▶ **Excerpted data**:
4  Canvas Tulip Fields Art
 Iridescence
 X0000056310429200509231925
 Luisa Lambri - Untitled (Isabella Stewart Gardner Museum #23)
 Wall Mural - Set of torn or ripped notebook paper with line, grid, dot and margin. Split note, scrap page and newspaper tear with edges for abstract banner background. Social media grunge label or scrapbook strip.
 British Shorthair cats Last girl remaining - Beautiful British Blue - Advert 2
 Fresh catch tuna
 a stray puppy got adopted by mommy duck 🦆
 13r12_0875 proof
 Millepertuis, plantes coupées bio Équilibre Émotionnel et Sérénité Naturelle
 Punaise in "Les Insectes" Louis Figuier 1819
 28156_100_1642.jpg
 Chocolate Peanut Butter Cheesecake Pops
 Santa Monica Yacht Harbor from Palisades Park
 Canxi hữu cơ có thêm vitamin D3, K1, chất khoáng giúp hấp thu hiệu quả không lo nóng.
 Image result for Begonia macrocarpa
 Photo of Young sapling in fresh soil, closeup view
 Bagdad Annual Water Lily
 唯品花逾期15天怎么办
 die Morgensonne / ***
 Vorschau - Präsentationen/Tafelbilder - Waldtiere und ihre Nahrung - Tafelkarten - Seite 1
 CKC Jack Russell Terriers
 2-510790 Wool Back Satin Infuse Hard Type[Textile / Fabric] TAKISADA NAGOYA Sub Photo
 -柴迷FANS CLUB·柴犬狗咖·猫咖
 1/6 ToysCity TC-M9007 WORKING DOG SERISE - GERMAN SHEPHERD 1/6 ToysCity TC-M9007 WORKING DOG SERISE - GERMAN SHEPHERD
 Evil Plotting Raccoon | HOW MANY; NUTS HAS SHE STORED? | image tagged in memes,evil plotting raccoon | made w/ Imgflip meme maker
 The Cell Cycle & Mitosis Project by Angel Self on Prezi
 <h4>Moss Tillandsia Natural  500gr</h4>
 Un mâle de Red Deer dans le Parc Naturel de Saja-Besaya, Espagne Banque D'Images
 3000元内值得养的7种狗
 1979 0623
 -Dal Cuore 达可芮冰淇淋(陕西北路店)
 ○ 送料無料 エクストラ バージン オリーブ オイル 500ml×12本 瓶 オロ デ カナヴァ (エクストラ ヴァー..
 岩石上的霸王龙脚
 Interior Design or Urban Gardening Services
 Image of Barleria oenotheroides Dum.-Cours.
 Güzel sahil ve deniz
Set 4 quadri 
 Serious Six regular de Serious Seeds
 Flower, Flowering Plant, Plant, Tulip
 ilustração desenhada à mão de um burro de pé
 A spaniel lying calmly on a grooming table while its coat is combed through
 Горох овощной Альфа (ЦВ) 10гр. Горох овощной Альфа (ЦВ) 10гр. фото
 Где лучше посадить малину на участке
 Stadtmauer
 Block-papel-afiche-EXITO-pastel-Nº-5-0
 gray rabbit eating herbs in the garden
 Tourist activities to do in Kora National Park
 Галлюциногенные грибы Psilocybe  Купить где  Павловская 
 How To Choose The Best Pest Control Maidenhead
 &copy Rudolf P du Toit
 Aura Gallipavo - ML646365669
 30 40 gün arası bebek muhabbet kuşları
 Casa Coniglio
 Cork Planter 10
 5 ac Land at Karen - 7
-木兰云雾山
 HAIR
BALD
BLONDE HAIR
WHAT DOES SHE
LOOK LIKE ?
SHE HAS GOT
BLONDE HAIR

▶ **Try it**: What is needed here is an exact copy of all the entries.

▶ **Response area**:
4  Canvas Tulip Fields Art
 Iridescence
 X0000056310429200509231925
 Luisa Lambri - Untitled (Isabella Stewart Gardner Museum #23)
 Wall Mural - Set of torn or ripped notebook paper with line, grid, dot and margin. Split note, scrap page and newspaper tear with edges for abstract banner background. Social media grunge label or scrapbook strip.
 British Shorthair cats Last girl remaining - Beautiful British Blue - Advert 2
 Fresh catch tuna
 a stray puppy got adopted by mommy duck 🦆
 13r12_0875 proof
 Millepertuis, plantes coupées bio Équilibre Émotionnel et Sérénité Naturelle
 Punaise in "Les Insectes" Louis Figuier 1819
 28156_100_1642.jpg
 Chocolate Peanut Butter Cheesecake Pops
 Santa Monica Yacht Harbor from Palisades Park
 Canxi hữu cơ có thêm vitamin D3, K1, chất khoáng giúp hấp thu hiệu quả không lo nóng.
 Image result for Begonia macrocarpa
 Photo of Young sapling in fresh soil, closeup view
 Bagdad Annual Water Lily
 唯品花逾期15天怎么办
 die Morgensonne / ***
 Vorschau - Präsentationen/Tafelbilder - Waldtiere und ihre Nahrung - Tafelkarten - Seite 1
 CKC Jack Russell Terriers
 2-510790 Wool Back Satin Infuse Hard Type[Textile / Fabric] TAKISADA NAGOYA Sub Photo
 -柴迷FANS CLUB·柴犬狗咖·猫咖
 1/6 ToysCity TC-M9007 WORKING DOG SERISE - GERMAN SHEPHERD 1/6 ToysCity TC-M9007 WORKING DOG SERISE - GERMAN SHEPHERD
 Evil Plotting Raccoon | HOW MANY; NUTS HAS SHE STORED? | image tagged in memes,evil plotting raccoon | made w/ Imgflip meme maker
 The Cell Cycle & Mitosis Project by Angel Self on Prezi
 <h4>Moss Tillandsia Natural  500gr</h4>
 Un mâle de Red Deer dans le Parc Naturel de Saja-Besaya, Espagne Banque D'Images
 3000元内值得养的7种狗
 1979 0623
 -Dal Cuore 达可芮冰淇淋(陕西北路店)
 ○ 送料無料 エクストラ バージン オリーブ オイル 500ml×12本 瓶 オロ デ カナヴァ (エクストラ ヴァー..
 岩石上的霸王龙脚
 Interior Design or Urban Gardening Services
 Image of Barleria oenotheroides Dum.-Cours.
 Güzel sahil ve deniz
Set 4 quadri 
 Serious Six regular de Serious Seeds
 Flower, Flowering Plant, Plant, Tulip
 ilustração desenhada à mão de um burro de pé
 A spaniel lying calmly on a grooming table while its coat is combed through
 Горох овощной Альфа (ЦВ) 10гр. Горох овощной Альфа (ЦВ) 10гр. фото
 Где лучше посадить малину на участке
 Stadtmauer
 Block-papel-afiche-EXITO-pastel-Nº-5-0
 gray rabbit eating herbs in the garden
 Tourist activities to do in Kora National Park
 Галлюциногенные грибы Psilocybe  Купить где  Павловская 
 How To Choose The Best Pest Control Maidenhead
 &copy Rudolf P du Toit
 Aura Gallipavo - ML646365669
 30 40 gün arası bebek muhabbet kuşları
 Casa Coniglio
 Cork Planter 10
 5 ac Land at Karen - 7
-木兰云雾山
 HAIR
BALD
BLONDE HAIR
WHAT DOES SHE
LOOK LIKE ?
SHE HAS GOT
BLONDE HAIR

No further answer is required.